- **EXTRACTED RECORDS**

——————

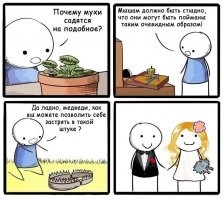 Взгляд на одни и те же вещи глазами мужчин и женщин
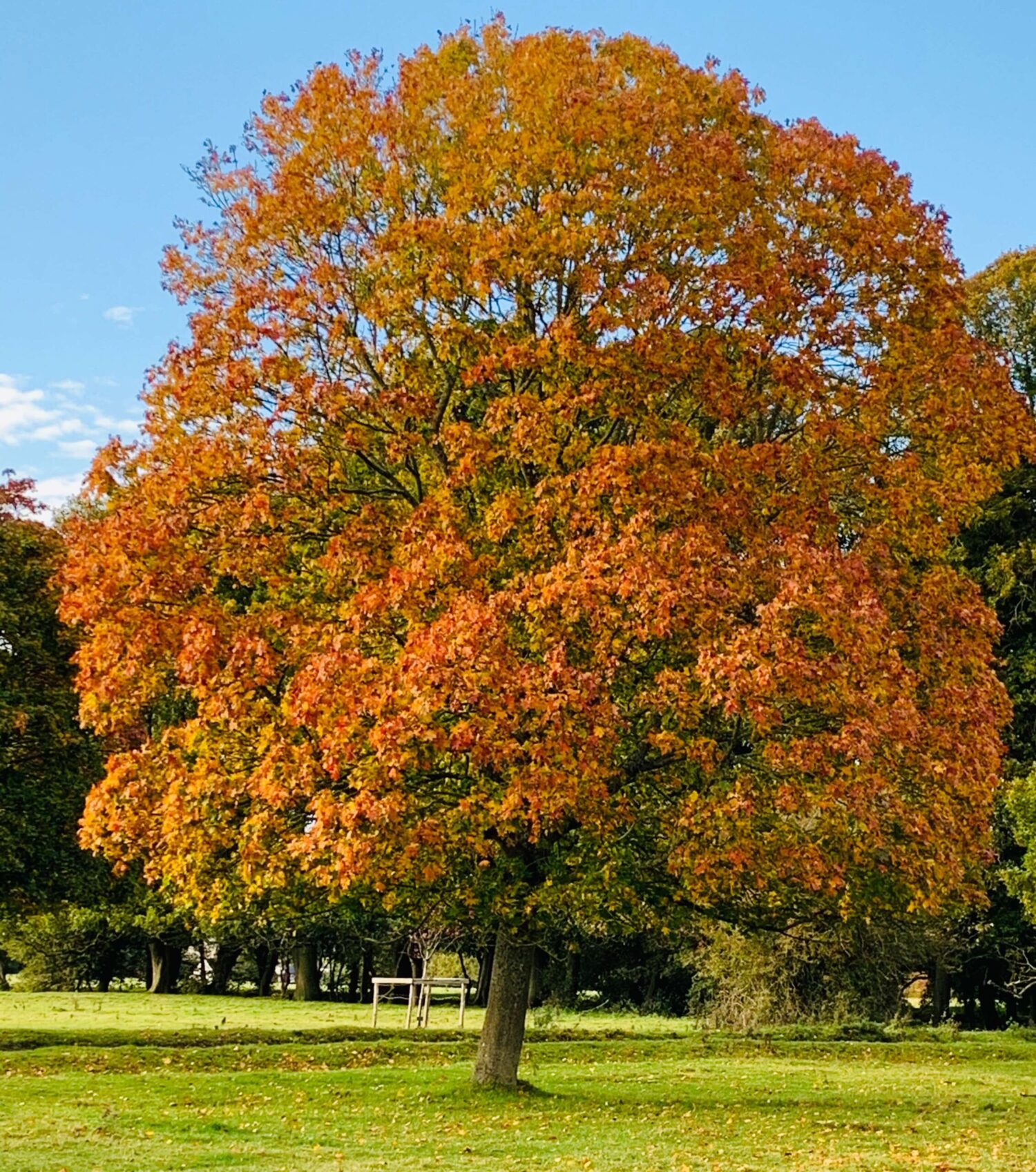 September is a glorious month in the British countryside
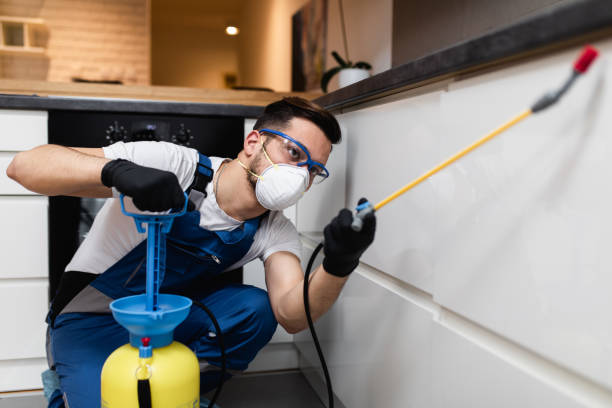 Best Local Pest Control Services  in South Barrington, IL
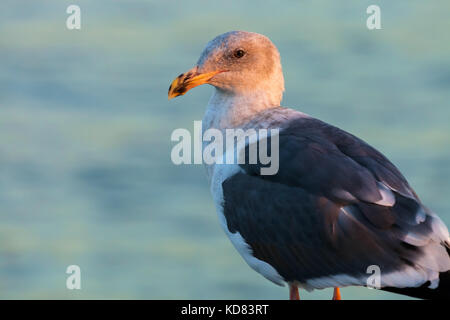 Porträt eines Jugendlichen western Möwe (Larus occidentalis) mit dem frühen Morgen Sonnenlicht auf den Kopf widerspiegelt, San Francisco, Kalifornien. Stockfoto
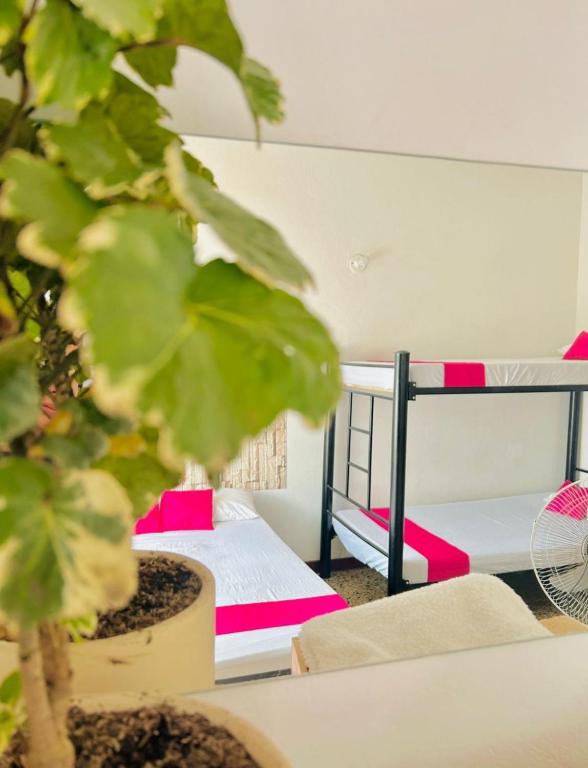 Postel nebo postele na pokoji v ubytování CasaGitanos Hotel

——————

- **WHAT THE TASK ASKS**
Write every entry out again exactly, images omitted.

- **TASK RESULT**
 Взгляд на одни и те же вещи глазами мужчин и женщин
 September is a glorious month in the British countryside
 Best Local Pest Control Services  in South Barrington, IL
 Porträt eines Jugendlichen western Möwe (Larus occidentalis) mit dem frühen Morgen Sonnenlicht auf den Kopf widerspiegelt, San Francisco, Kalifornien. Stockfoto
 Postel nebo postele na pokoji v ubytování CasaGitanos Hotel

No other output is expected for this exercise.